--- Supplied material Enclosed Below ---
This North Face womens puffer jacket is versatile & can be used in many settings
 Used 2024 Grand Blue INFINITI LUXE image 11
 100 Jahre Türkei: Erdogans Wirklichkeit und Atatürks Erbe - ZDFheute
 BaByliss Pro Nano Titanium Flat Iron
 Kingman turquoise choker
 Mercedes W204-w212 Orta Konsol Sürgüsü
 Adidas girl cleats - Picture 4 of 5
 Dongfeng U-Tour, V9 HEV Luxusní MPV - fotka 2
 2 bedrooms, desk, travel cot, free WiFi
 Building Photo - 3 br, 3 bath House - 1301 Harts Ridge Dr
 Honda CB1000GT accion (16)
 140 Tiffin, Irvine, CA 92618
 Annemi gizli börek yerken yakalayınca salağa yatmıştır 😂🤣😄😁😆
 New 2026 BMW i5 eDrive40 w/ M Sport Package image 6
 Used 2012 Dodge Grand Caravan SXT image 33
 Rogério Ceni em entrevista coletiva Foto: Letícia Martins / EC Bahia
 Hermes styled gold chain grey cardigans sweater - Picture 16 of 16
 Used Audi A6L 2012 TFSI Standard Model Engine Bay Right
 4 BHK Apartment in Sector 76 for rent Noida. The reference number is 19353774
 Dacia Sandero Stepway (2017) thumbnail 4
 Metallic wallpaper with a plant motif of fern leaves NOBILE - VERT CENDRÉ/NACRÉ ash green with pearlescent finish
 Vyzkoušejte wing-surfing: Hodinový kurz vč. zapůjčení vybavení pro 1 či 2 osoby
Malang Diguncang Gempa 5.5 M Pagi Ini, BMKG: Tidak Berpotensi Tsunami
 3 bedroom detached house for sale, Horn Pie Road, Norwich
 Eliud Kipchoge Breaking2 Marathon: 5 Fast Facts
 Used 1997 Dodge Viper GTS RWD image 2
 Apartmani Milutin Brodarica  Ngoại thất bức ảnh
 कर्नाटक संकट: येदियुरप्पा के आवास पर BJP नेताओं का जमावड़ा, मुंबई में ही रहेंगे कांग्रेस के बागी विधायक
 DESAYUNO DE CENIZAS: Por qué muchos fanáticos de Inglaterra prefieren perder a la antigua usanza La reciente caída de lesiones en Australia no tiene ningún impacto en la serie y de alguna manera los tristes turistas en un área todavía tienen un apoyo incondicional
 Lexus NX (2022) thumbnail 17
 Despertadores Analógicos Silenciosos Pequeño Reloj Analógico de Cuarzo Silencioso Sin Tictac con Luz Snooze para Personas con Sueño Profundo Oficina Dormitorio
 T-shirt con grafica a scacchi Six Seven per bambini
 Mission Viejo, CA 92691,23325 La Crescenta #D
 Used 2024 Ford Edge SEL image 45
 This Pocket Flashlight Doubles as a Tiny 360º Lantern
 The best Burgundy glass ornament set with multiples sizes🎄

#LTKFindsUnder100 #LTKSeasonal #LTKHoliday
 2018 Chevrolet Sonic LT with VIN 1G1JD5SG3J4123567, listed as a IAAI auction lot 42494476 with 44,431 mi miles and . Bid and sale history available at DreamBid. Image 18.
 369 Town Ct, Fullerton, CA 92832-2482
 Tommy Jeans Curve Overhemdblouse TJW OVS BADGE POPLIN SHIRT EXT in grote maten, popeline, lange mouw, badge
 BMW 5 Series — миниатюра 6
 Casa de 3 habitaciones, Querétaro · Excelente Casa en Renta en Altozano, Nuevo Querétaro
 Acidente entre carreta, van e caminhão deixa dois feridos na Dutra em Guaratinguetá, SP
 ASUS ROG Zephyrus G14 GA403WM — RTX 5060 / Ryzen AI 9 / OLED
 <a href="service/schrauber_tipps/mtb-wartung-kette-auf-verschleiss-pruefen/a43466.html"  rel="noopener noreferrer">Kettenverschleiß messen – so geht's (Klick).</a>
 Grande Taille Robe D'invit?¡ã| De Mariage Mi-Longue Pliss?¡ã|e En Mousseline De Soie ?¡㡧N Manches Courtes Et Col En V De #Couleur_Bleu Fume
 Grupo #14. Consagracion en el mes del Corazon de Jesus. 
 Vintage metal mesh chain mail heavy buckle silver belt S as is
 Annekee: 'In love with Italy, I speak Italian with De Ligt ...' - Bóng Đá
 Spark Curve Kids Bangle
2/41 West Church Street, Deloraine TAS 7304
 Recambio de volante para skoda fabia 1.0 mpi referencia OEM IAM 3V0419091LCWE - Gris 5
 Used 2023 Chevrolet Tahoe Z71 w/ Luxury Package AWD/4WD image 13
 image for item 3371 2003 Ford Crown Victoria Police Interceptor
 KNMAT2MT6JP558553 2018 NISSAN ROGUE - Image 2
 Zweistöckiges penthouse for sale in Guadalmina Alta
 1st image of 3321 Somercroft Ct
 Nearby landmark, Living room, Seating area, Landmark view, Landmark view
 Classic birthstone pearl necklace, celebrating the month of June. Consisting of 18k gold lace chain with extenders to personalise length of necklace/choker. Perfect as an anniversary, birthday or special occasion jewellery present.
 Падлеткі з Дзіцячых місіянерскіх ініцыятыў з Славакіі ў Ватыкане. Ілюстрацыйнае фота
--- End of Enclosed Supplied material ---
What is needed: Whenever "chain" occurs in a line above, copy that line.

Written reply:
 Hermes styled gold chain grey cardigans sweater - Picture 16 of 16
 Vintage metal mesh chain mail heavy buckle silver belt S as is
 Classic birthstone pearl necklace, celebrating the month of June. Consisting of 18k gold lace chain with extenders to personalise length of necklace/choker. Perfect as an anniversary, birthday or special occasion jewellery present.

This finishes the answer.